Some Jazz Records: Paul Bley Clippings
Comments on recordings from musicians and other actors of the jazz scene. Random and not-so-random listening cues from the archives.
Paul Bley, Introducing Paul Bley, Debut DLP-7, 1954, 10" LP.
"Free is a relative thing," Paul Bley told Michael Cuscuna in a 1968 Down Beat profile. "On the first album I did with Art Blakey and Charles Mingus in 1953 [Introducing Paul Bley], there were totally free sections with no preconceived ideas. It must have been natural, because that is the way I felt it. I’ve always been interested in challenges in playing." In another interview, given to Jazz Hot's Laurent Goddet in 1971, Bley specified where the free parts—unexpected this early on—of the recording could be found: in the introductions leading to the standards that made up the bulk of the album.
Paul Bley, The Fabulous Paul Bley Quintet, America 30 AM 6120, 1972, LP; and Ornette Coleman, Coleman Classics, Volume 1, IAI 37.38.52, 1977, LP.
One of Paul Bley’s claims to historical fame was to have played at Los Angeles’s Hillcrest Club with the entire Ornette Coleman Quartet as his band, this right before the unit acquired national stature, in large part due to its studio work for Atlantic. "The Atlantic records, once again, were shortened performances," Bley told Bill Smith during an extensive 1979 Coda interview. "Six or seven minutes, which involved a lot of writing. […] But in the club… Those few Hillcrest tapes that managed to come out, with a great deal of duress at one time or another, they’re presently withdrawn from our catalogue. I withdrew that album shortly after it came out. Those Hillcrest tapes are 15 minutes, 21 minutes a tune, as the bebop lengths were. It was a lot harder to listen to microtonal music at length than it was squeezed together between some very friendly songs." Bley had Hillcrest tapes with him in Europe in 1971. He made a great sales pitch during his interview with Laurent Goddet, explaining how the recordings would cast a shadow even on Coleman’s Atlantic masterpieces, because of their length, the horns’s remarkable presence, and the more varied repertoire that also included standards. There was enough material to make between three to six albums, Bley said. A first volume appeared shortly thereafter, on French label America. Bley issued the second and last volume to see circulation later in the 1970s on his own IAI label. It included a take of Coleman’s "Ramblin,'" probably the version he had described to Goddet as "definitive."

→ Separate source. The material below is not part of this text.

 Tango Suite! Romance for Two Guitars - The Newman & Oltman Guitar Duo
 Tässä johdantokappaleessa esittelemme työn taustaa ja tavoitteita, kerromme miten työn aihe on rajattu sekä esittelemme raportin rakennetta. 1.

Cecil Taylor, Live at the Café Montmartre, Debut DEB 138, 1963, LP.
While he was playing Europe with his trio in 1965, Paul Bley was interviewed by the French Jazz Magazine. Asked if the new jazz had originated with bassists, the pianist agreed, adding that bass players were the first instrumentalists to have brought something new to the table rhythmically. According to Bley, Gary Peacock, Scott LaFaro and, to some extent, Steve Swallow, were the bassists who stopped playing in 4/4. Former bandmates Ornette Coleman and Don Cherry had made the phrasing of the horns evolve, and a succession of small changes had come about. This, until Cecil Taylor recorded at Copenhagen’s Jazzhus Montmartre in late 1962. It was then, according to Bley, that drummer Sunny Murray found a way to play outside 4/4 that had no beginning and no end, contributing in a major way to the development of the new jazz.